1. Appeals Based on New Evidence Must Be Received Within One Week of the Decision of the Investigative Team

Harvard appears to have learned nothing from the case of Caleb Warner in promulgating this provision. In brief, Warner was suspended from the University of North Dakota and banned from campus in February 2010 for allegedly committing sexual assault. In May 2010, however, the local police issued an arrest warrant for Warner's accuser on the basis that she filed a false criminal complaint against him concerning the exact same sexual assault allegation. Despite that astounding fact, UND refused for over a year to reopen the facts of Warner's case. It wasn't until the case received national media attention that UND ultimately reversed Warner's penalty.

In justifying the school's refusal to reexamine the facts, UND's Vice President for Student Affairs pointed out that under the school's student code, all appeals had to occur within five class days of the sanction. Harvard's policy, like UND's, would prohibit an accused student from having his or her case reopened more than one week after a sanction was imposed. There are no exceptions to this time limit, even if an accuser is subsequently criminally charged with filing a false rape complaint with the police concerning the exact same allegation. As seen in Warner's case, such a result is a travesty of justice.

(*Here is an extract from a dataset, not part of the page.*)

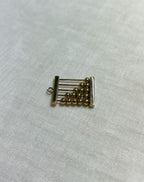 gold abacus charm on white fabric background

2. Both Accused Students and Complainants Are Limited in Their Choice of "Personal Advisor," in Violation of Federal Law

Harvard's policy states that a "personal advisor" may accompany an accused student or a complainant to interviews with the Investigative Team, but forbids anyone from serving in that role who is not "an officer of the University who is affiliated with the School or unit in which the advisee is enrolled or employed." Harvard's policy is in flagrant violation of the Clery Act. The federal government recently finalized a notice-and-comment rule implementing the Violence Against Women Act that forbids a university from limiting the choice of advisor to someone within the university community. OCR put out a draft of this rule before Harvard implemented the new policy, and the draft contains the same advisor provision. The legislation on which the rule is based was also passed over a year earlier. Yet Harvard seems to have either ignored it or not cared.

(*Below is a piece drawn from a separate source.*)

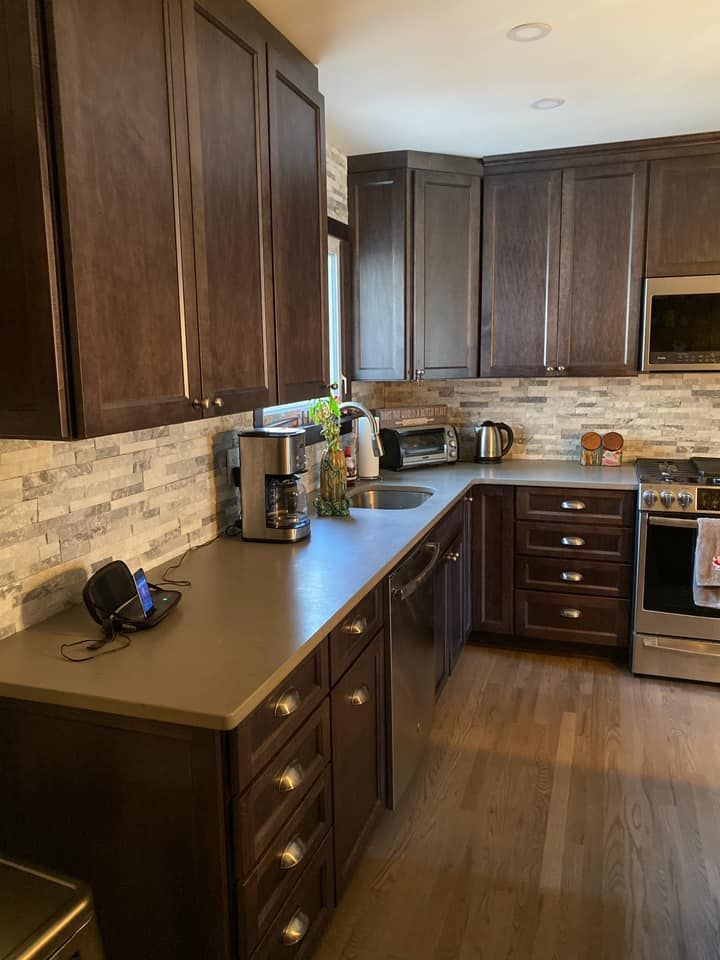 Modern kitchen with dark wood cabinets, stone backsplash, and a gray countertop with small appliances.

3. Both Accused Students and Complainants Have to Write Statements In Their "Own Words"

While Harvard's policy advises accused students to "seek legal counsel before making any written or oral statements" when they are facing the possibility of criminal charges, it simultaneously requires students to write all statements in their own words. This requirement is either totally unenforceable, or it threatens to destroy a student's attorney-client privilege: If an accused student (or a complainant) consults with an attorney, per Harvard's advice, and is then charged with having had the attorney ghost write his or her statement, how is s/he supposed to defend him/herself without discussing the specifics of conversations with counsel and thereby waiving privilege? How much input can the attorney provide to a student without crossing the line into having changed the "words" of the statement?

These three problems, and other serious issues that commentators have identified, threaten to cause miscarriages of justice as Harvard adjudicates sexual harassment allegations. For the good of all its students, the university must scrap its current policy and start over. This time, it would behoove Harvard administrators to include meaningful protections for accused students and consult in advance with those who might identify due process problems before the policy goes live.

Full disclosure: I am a graduate of Harvard Law School.